### Task
Down to the last character, write out the records below.
--- Data extracts Enclosed Below ---
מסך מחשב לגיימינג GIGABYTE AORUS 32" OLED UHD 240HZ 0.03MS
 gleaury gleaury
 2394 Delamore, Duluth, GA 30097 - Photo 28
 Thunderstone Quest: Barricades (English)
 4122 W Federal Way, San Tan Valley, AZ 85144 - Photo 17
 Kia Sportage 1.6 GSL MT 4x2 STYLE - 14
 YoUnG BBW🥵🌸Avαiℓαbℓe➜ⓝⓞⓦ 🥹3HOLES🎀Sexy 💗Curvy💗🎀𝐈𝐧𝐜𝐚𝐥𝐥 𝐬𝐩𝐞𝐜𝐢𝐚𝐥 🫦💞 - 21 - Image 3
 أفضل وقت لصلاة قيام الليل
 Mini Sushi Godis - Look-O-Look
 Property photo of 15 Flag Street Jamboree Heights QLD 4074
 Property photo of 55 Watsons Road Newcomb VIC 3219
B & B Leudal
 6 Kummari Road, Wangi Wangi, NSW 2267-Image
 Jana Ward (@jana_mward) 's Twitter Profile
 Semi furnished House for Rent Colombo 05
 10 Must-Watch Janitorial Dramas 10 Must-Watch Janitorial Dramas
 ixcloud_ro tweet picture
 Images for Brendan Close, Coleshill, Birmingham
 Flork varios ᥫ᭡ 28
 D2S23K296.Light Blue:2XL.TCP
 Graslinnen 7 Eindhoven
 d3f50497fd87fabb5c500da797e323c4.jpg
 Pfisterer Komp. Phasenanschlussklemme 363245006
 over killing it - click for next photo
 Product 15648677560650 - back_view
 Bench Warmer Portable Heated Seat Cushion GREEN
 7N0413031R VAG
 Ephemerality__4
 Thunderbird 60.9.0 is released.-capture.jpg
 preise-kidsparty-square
--- End of Enclosed Data extracts ---
### Answer to the problem
מסך מחשב לגיימינג GIGABYTE AORUS 32" OLED UHD 240HZ 0.03MS
 gleaury gleaury
 2394 Delamore, Duluth, GA 30097 - Photo 28
 Thunderstone Quest: Barricades (English)
 4122 W Federal Way, San Tan Valley, AZ 85144 - Photo 17
 Kia Sportage 1.6 GSL MT 4x2 STYLE - 14
 YoUnG BBW🥵🌸Avαiℓαbℓe➜ⓝⓞⓦ 🥹3HOLES🎀Sexy 💗Curvy💗🎀𝐈𝐧𝐜𝐚𝐥𝐥 𝐬𝐩𝐞𝐜𝐢𝐚𝐥 🫦💞 - 21 - Image 3
 أفضل وقت لصلاة قيام الليل
 Mini Sushi Godis - Look-O-Look
 Property photo of 15 Flag Street Jamboree Heights QLD 4074
 Property photo of 55 Watsons Road Newcomb VIC 3219
B & B Leudal
 6 Kummari Road, Wangi Wangi, NSW 2267-Image
 Jana Ward (@jana_mward) 's Twitter Profile
 Semi furnished House for Rent Colombo 05
 10 Must-Watch Janitorial Dramas 10 Must-Watch Janitorial Dramas
 ixcloud_ro tweet picture
 Images for Brendan Close, Coleshill, Birmingham
 Flork varios ᥫ᭡ 28
 D2S23K296.Light Blue:2XL.TCP
 Graslinnen 7 Eindhoven
 d3f50497fd87fabb5c500da797e323c4.jpg
 Pfisterer Komp. Phasenanschlussklemme 363245006
 over killing it - click for next photo
 Product 15648677560650 - back_view
 Bench Warmer Portable Heated Seat Cushion GREEN
 7N0413031R VAG
 Ephemerality__4
 Thunderbird 60.9.0 is released.-capture.jpg
 preise-kidsparty-square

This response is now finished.